Stored data entries:
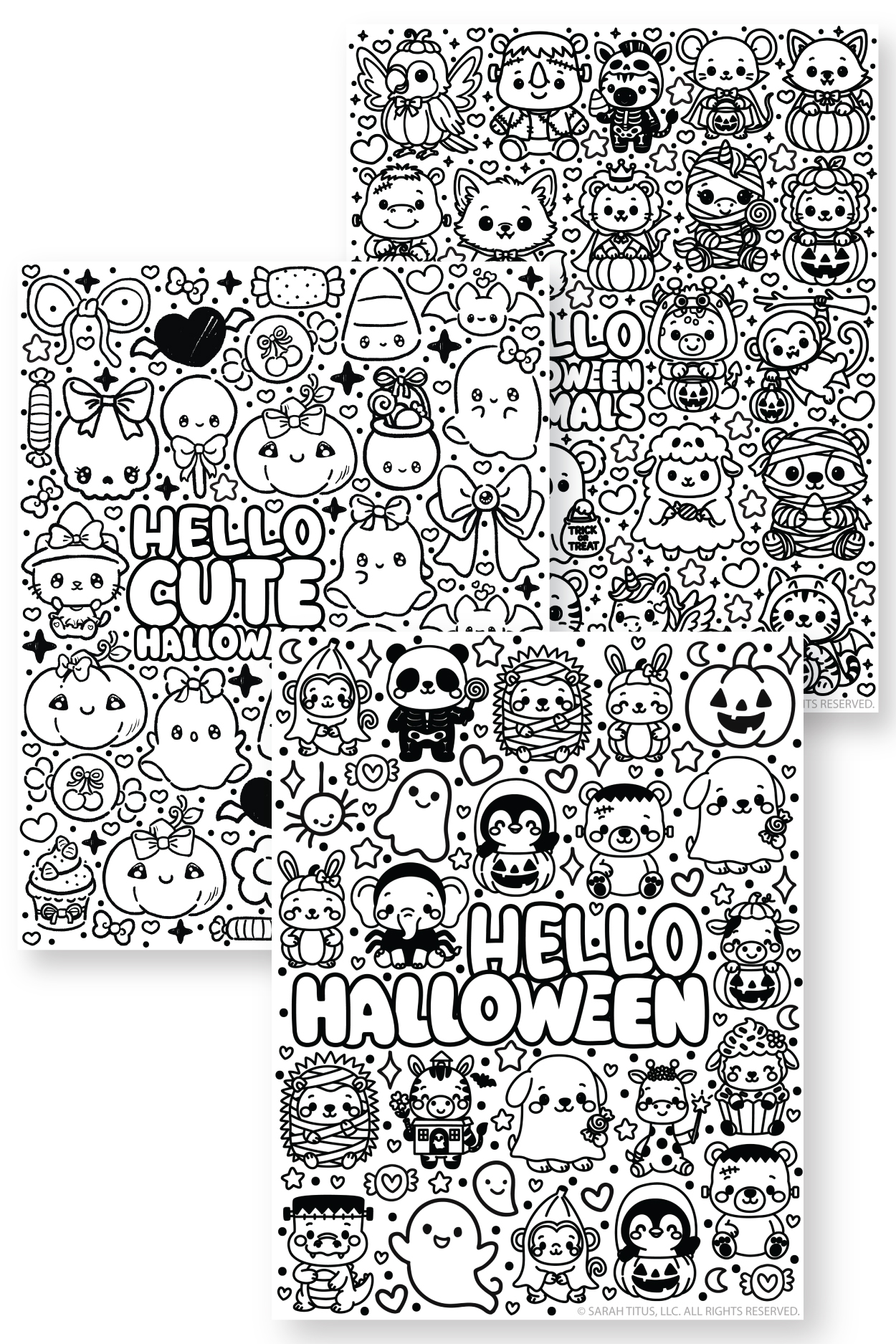 A display of three cute black and white printable Halloween coloring pages featuring kawaii style ghosts, pumpkins, sweet treats, and animals in festive costumes.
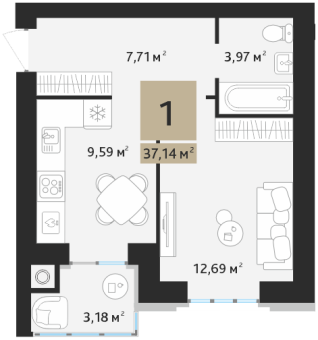 1 комнатная квартира общей площадью 37.14 м²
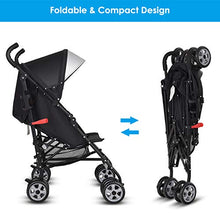 Load image into Gallery viewer, BABY JOY Lightweight Stroller, Aluminum Baby Umbrella Convenience Stroller, Travel Foldable Design with Oxford Canopy/ 5-Point Harness/Cup Holder/Storage Basket, Black
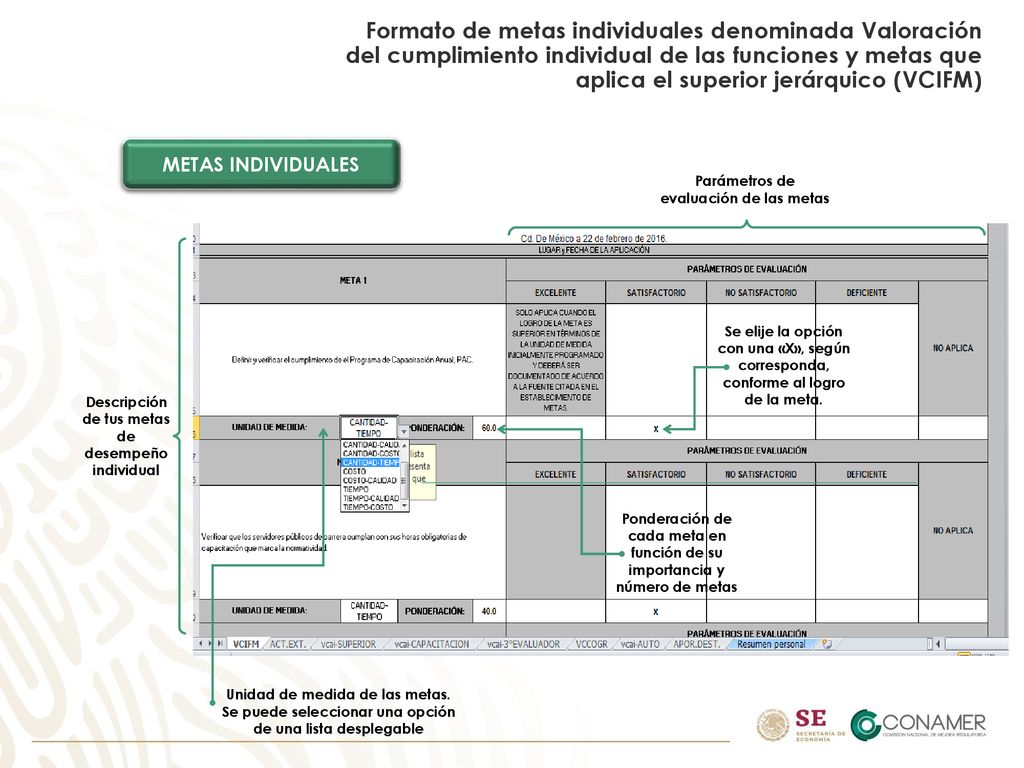 Formato de metas individuales denominada Valoración del cumplimiento individual de las funciones y metas que aplica el superior jerárquico (VCIFM)
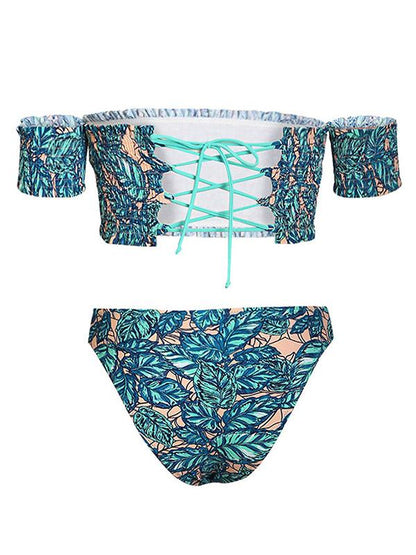 Sexy Bare Shoulders Short Sleeves Tai Lam Split Bikini Swimsuit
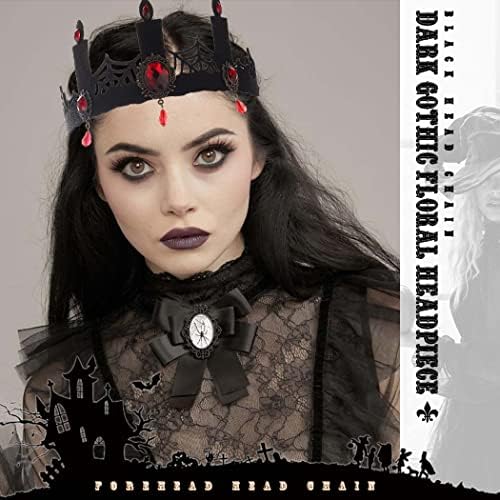 Catery Gothic Floral Headpient Wind Crown preto Halloween Bandas da cabeça vintage Bandas de cabeça máscarada Cosplay Witcher Makeup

#### TASK ITEM:
Could you transcribe all of the data exactly and omit the pictures?

#### ANSWER BOX:
 A display of three cute black and white printable Halloween coloring pages featuring kawaii style ghosts, pumpkins, sweet treats, and animals in festive costumes.
 1 комнатная квартира общей площадью 37.14 м²
 Load image into Gallery viewer, BABY JOY Lightweight Stroller, Aluminum Baby Umbrella Convenience Stroller, Travel Foldable Design with Oxford Canopy/ 5-Point Harness/Cup Holder/Storage Basket, Black
 Formato de metas individuales denominada Valoración del cumplimiento individual de las funciones y metas que aplica el superior jerárquico (VCIFM)
 Sexy Bare Shoulders Short Sleeves Tai Lam Split Bikini Swimsuit
 Catery Gothic Floral Headpient Wind Crown preto Halloween Bandas da cabeça vintage Bandas de cabeça máscarada Cosplay Witcher Makeup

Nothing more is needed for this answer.